Storage & Reheating Tips
Store cookies in an airtight container at room temperature for up to three days. They’ll soften slightly, but honestly—that’s part of their charm.
For longer stints:
- Refrigerate up to one week. Let them rest at room temp for 15 minutes before enjoying.
- Freeze individually on a baking sheet, then pack into a freezer bag for up to three months. Thaw on the counter or warm in a 300°F oven for 5 minutes.
FAQs
**Q: Can I make the dough and filling ahead?**
A: Yes—both chill beautifully for up to 48 hours. Just let them come back to room temperature before shaping.
Q: Why does my filling sometimes leak?
A: It usually means the dough edges weren’t sealed tightly. Press firmly, don’t overfill, and a thin ring of filling is all you need.

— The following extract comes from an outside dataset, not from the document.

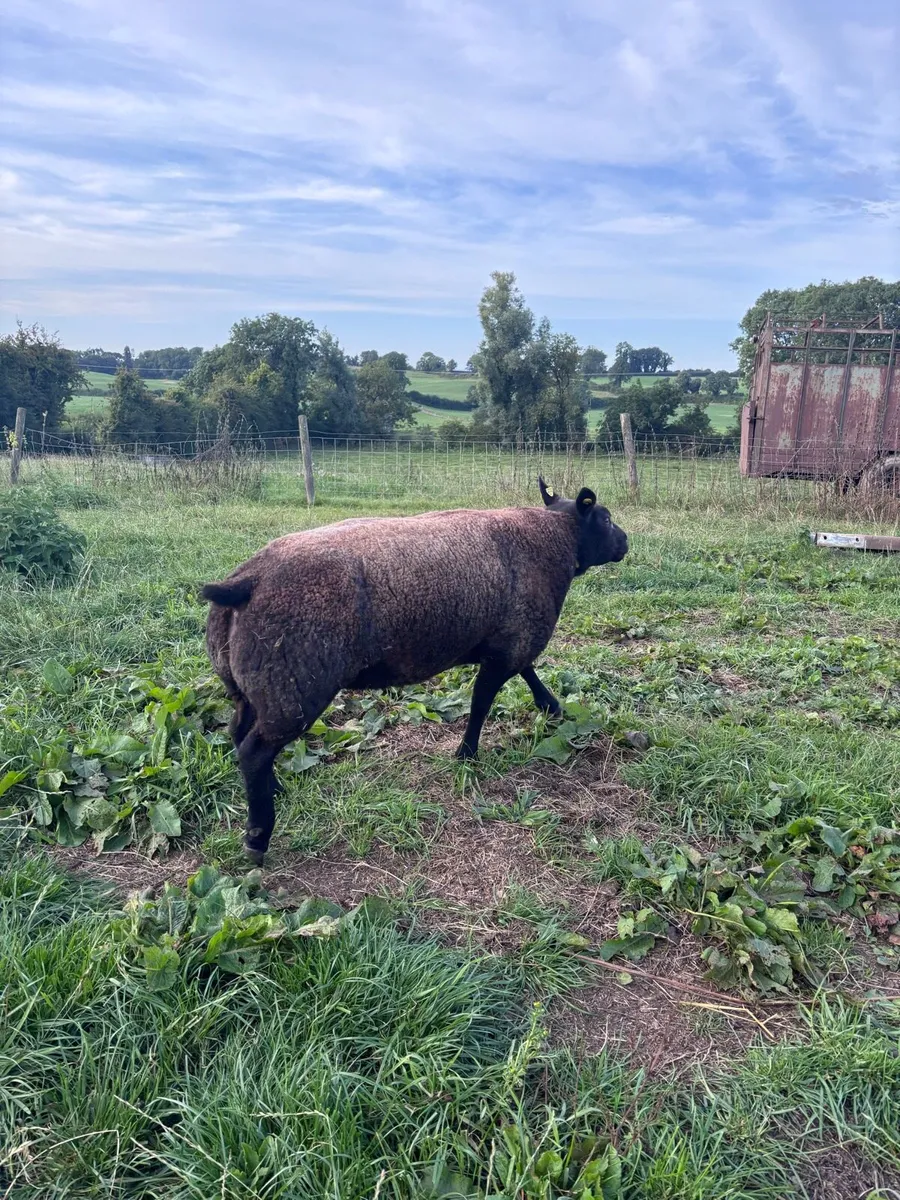 Blue texel shearling ram - Image 4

Q: Can I skip the cinnamon-sugar coating?
A: You could, but you’d miss out on that iconic churro crunch. If you want something lighter, go for a simple dusting of powdered sugar.
Q: What’s the best brand of cream cheese?
A: Full-fat block-style cream cheese (like Philadelphia) gives you that rich, stable center. Avoid whipped kinds—they’re too soft.
Q: Are these cookies freezer-friendly?
A: Absolutely. Bake, cool completely, then freeze. Reheat straight from frozen or let thaw and give them a quick warm-up.
Conclusion
Give these churro cheesecake donut cookies a try and prepare for happy faces all around. They strike that rare balance of crunchy, creamy and just plain fun. Whether you’re fueling a busy work-from-home afternoon, planning a kid’s birthday spread or simply craving something a little extra with your morning coffee, these treats won’t let you down. Enjoy every bite—and watch them disappear fast.

Churro Cheesecake Donut Cookies
Ingredients
- For the Dough:
- 1 cup unsalted butter softened
- 1 cup granulated sugar
- 2 large eggs
- 1 tsp vanilla extract
- 3 cups all-purpose flour
- 1 tsp baking powder
- 1/2 tsp salt
- For the Cheesecake Filling:
- 8 oz cream cheese softened
- 1/4 cup granulated sugar
- 1 tsp vanilla extract
- For the Cinnamon Sugar Coating:
- 1 cup granulated sugar
- 1 tbsp ground cinnamon
- For the Caramel Sauce optional:
- 1 cup caramel sauce
Instructions
- Prepare the Dough:
- In a large mixing bowl, cream together the softened butter and granulated sugar until light and fluffy.
- Beat in the eggs one at a time, then stir in the vanilla extract.
- In another bowl, whisk together the flour, baking powder, and salt. Gradually add the dry ingredients to the wet ingredients, mixing until just combined.
- Prepare the Cheesecake Filling:
- In a small bowl, beat together the softened cream cheese, granulated sugar, and vanilla extract until smooth and creamy.
- Transfer the filling to a piping bag.
- Shape the Cookies:
- Preheat the oven to 350°F (175°C) and line a baking sheet with parchment paper.
- Roll the dough into 1-inch balls and flatten each into a circle.
- Pipe a small amount of cheesecake filling around the sides of each cookie, then fold the edges over to enclose the filling.
- Press down to seal the dough and use a small cookie cutter to cut out the center, shaping the cookie like a donut.
- Coat the Cookies:
- In a shallow dish, combine the granulated sugar and ground cinnamon.
- Roll each cookie in the cinnamon sugar mixture to coat evenly.
- Bake the Cookies:
- Arrange the cookies on the prepared baking sheet, spacing them about 2 inches apart.
- Bake for 12-15 minutes, or until the cookies are lightly golden and set.